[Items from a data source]
============

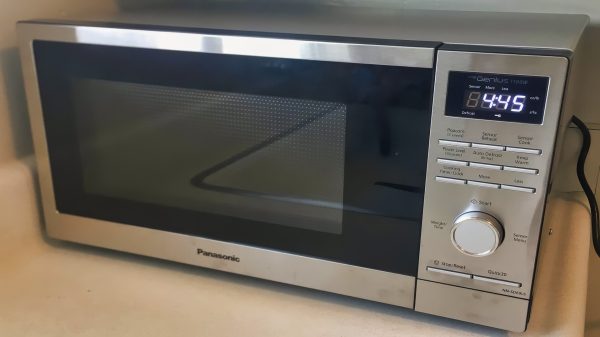 Panasonic Microwave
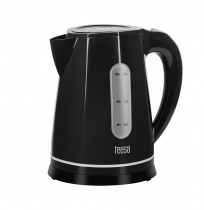 TEESA Electric Kettle, 2200 W, Black, 1.8L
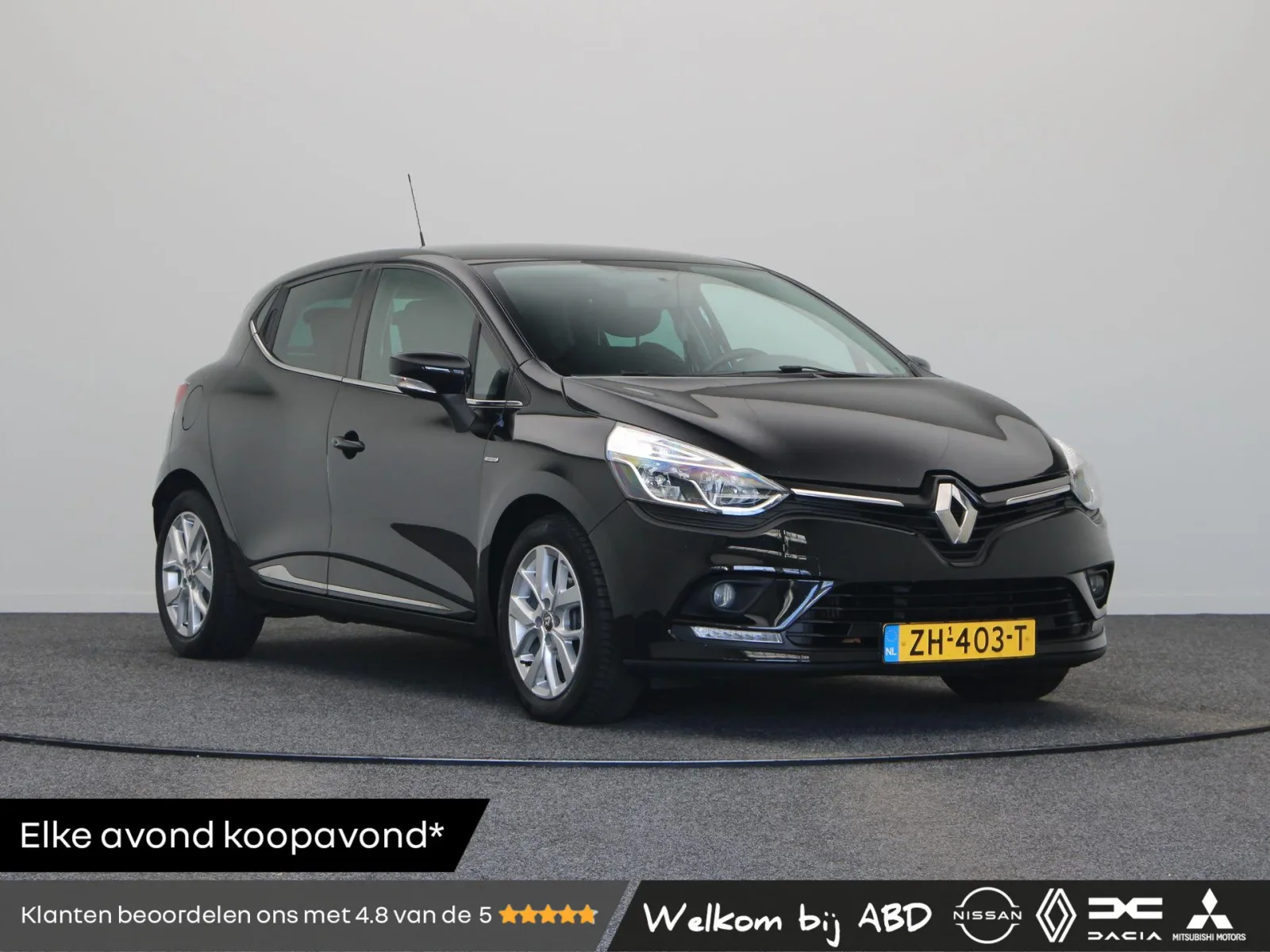 Renault Clio (2019) — foto 1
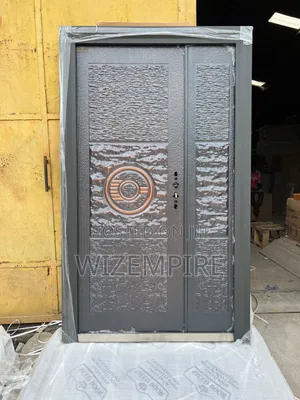 Main Entrance Turkey Copper Cast Doors Available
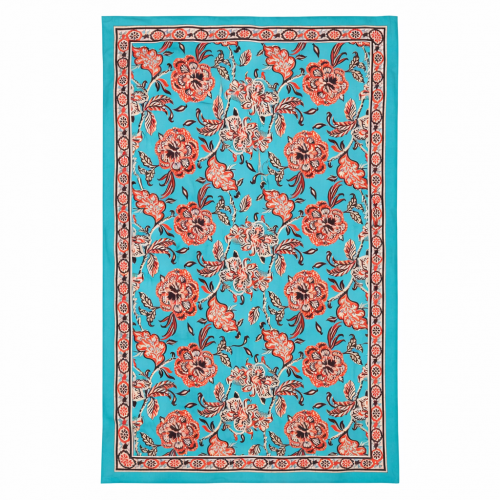 ΠΑΡΕΟ 1026128 RODON PINK 100x180cm 100%COTTON ΠΑΡΕΟ 1026128 RODON PINK 100x180cm 100%COTTON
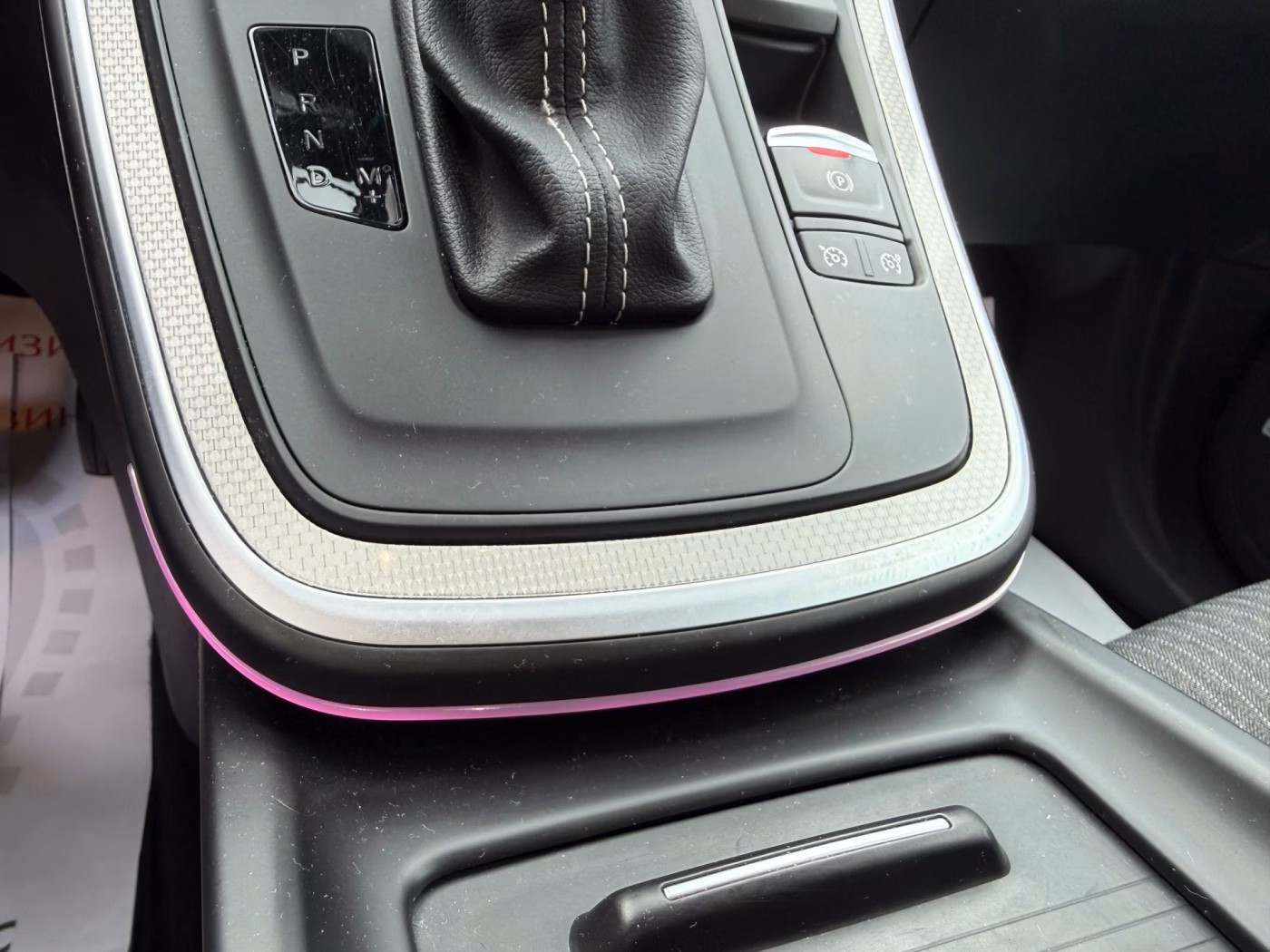 Renault Grand Scenic фото 19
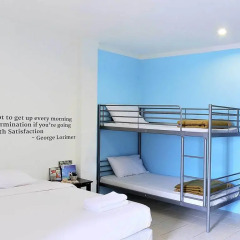 Отель Beds Patong 2* Номер Делюкс разные типы кроватей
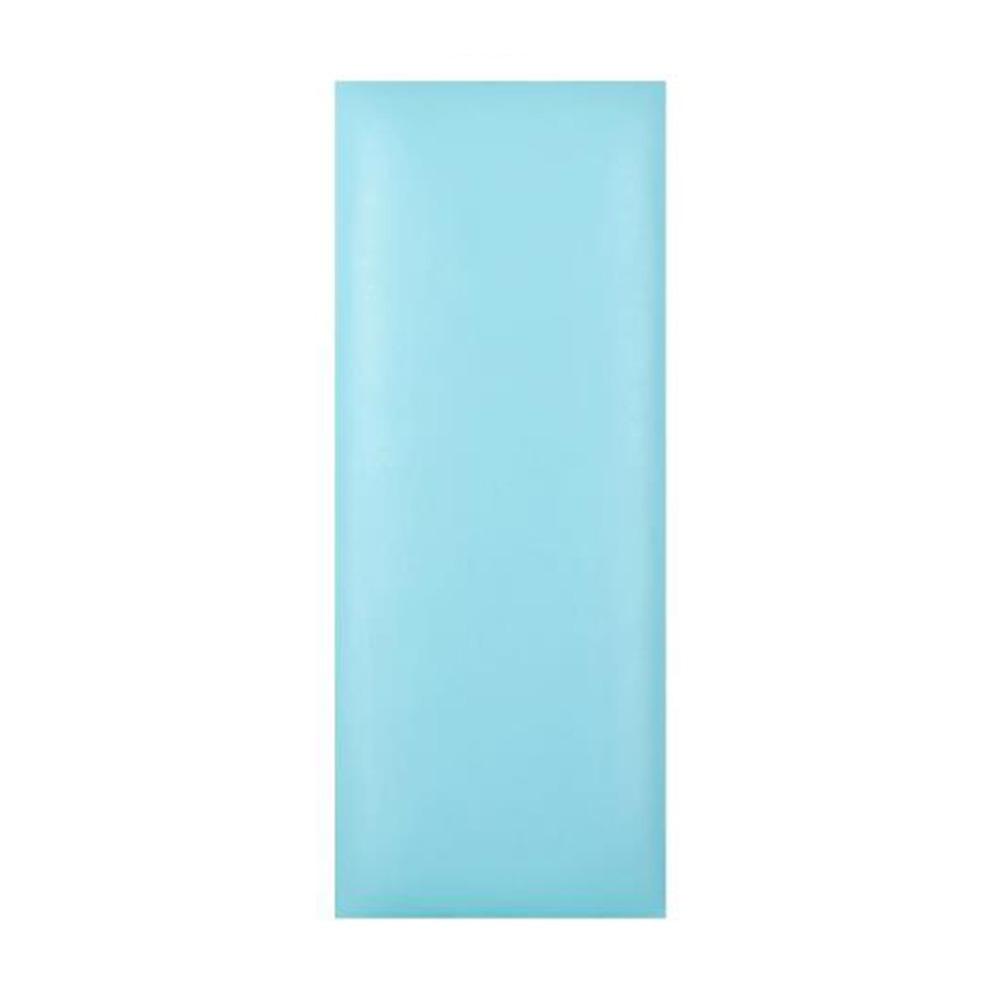 Tatami 3D Wall Stickers Anti-collision Waterproof Headboard Bed Soft Bag Soft Protection Rectangular Background Wall Pad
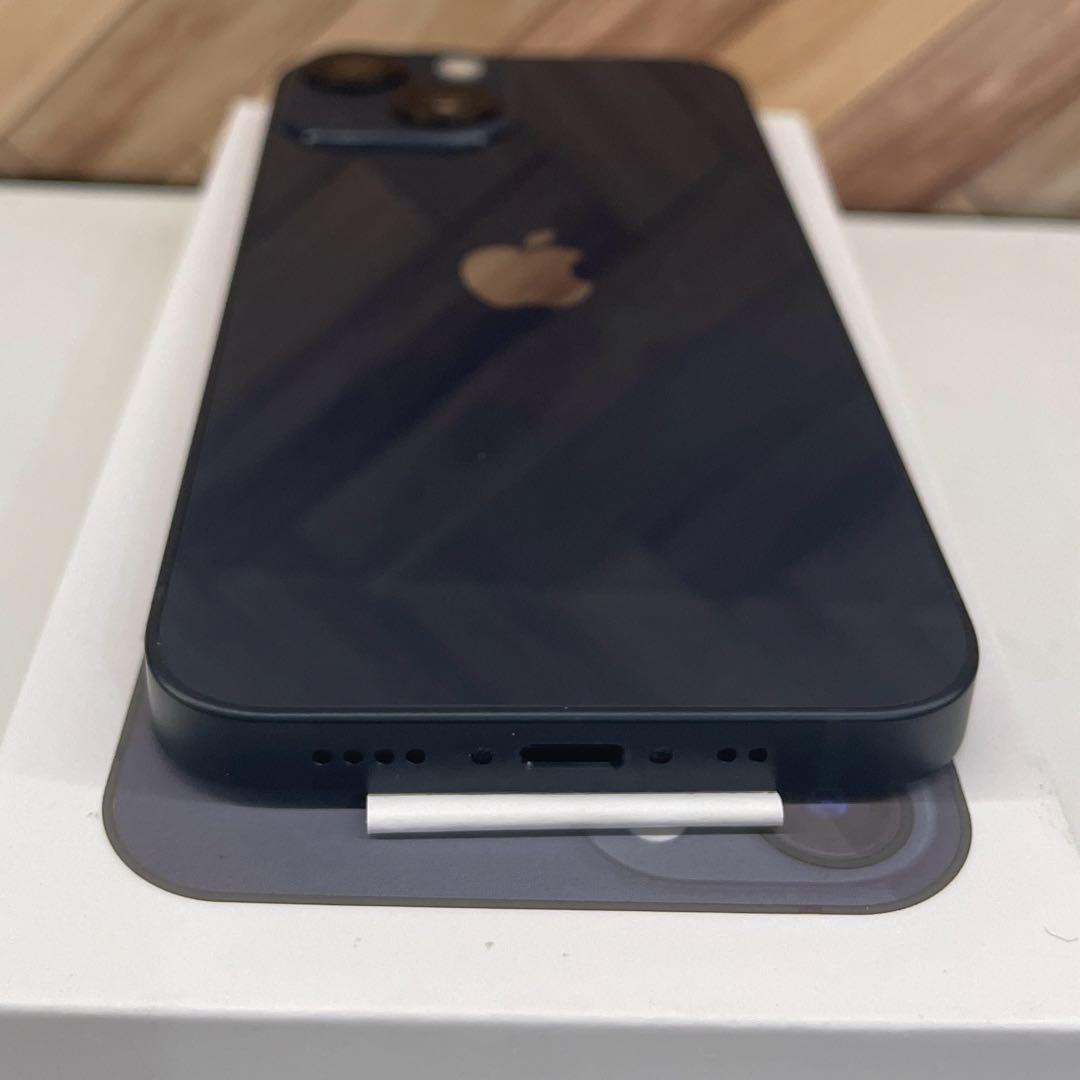 iPhone 13 mini 256GB ブラックミッドナイトSIMフリー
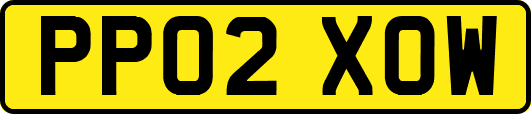 PP02XOW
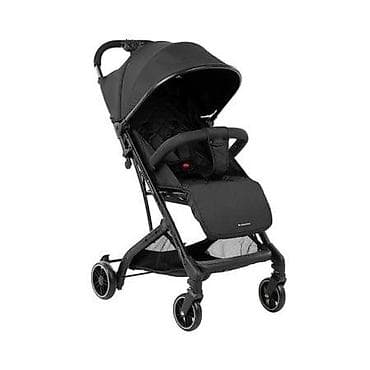 crne maksi haljine: Kolica MILEY premium black – KIKKA BOO Šifra proizvoda: KKB3 — 2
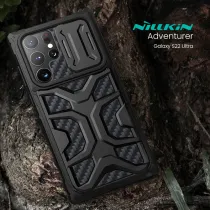 Galaxy S22 Ultra | Coque Antichoc NILLKIN Adventurer Series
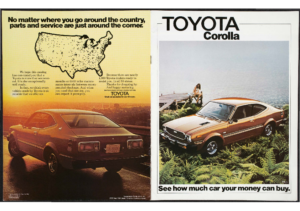 1975 Toyota Corolla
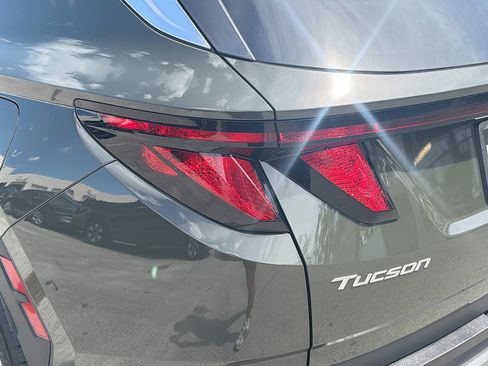Certified 2026 Hyundai Tucson SEL FWD image 34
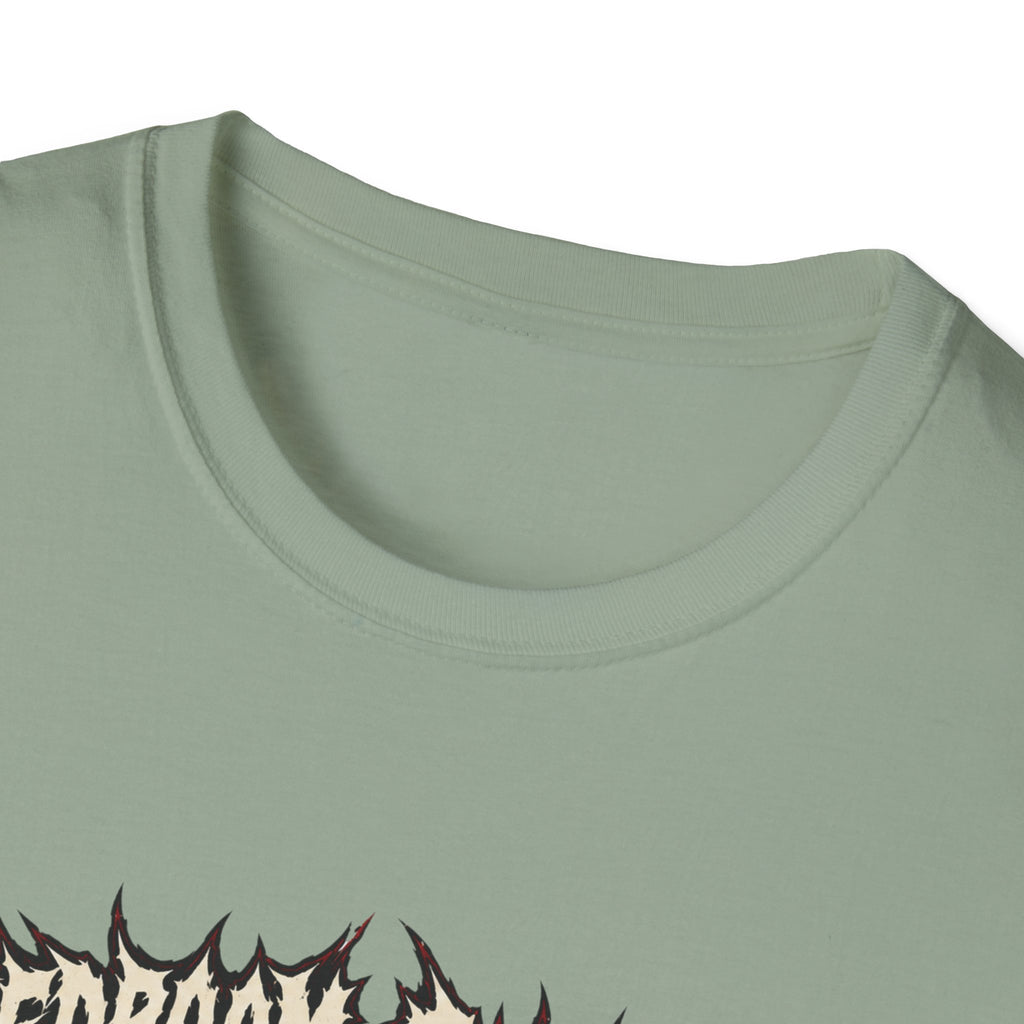 Rock Bedroom Parkour T-Shirt
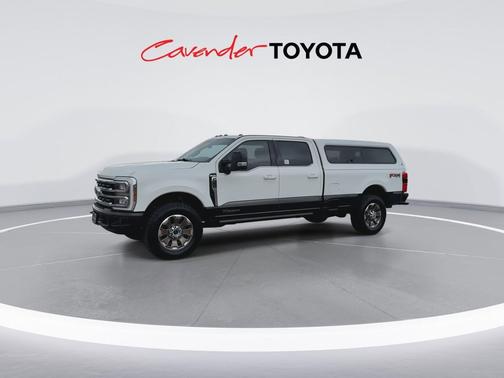 2024 Ford F-350 King Ranch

============

## Activity
From the line that contains "TEESA Electric Kettle, 2200 W, Black, 1.8L" through the last line of the entries, transcribe every line exactly, leaving out the pictures.

## Written answer
 TEESA Electric Kettle, 2200 W, Black, 1.8L
 Renault Clio (2019) — foto 1
 Main Entrance Turkey Copper Cast Doors Available
 ΠΑΡΕΟ 1026128 RODON PINK 100x180cm 100%COTTON ΠΑΡΕΟ 1026128 RODON PINK 100x180cm 100%COTTON
 Renault Grand Scenic фото 19
 Отель Beds Patong 2* Номер Делюкс разные типы кроватей
 Tatami 3D Wall Stickers Anti-collision Waterproof Headboard Bed Soft Bag Soft Protection Rectangular Background Wall Pad
 iPhone 13 mini 256GB ブラックミッドナイトSIMフリー
 PP02XOW
 crne maksi haljine: Kolica MILEY premium black – KIKKA BOO Šifra proizvoda: KKB3 — 2
 Galaxy S22 Ultra | Coque Antichoc NILLKIN Adventurer Series
 1975 Toyota Corolla
Certified 2026 Hyundai Tucson SEL FWD image 34
 Rock Bedroom Parkour T-Shirt
 2024 Ford F-350 King Ranch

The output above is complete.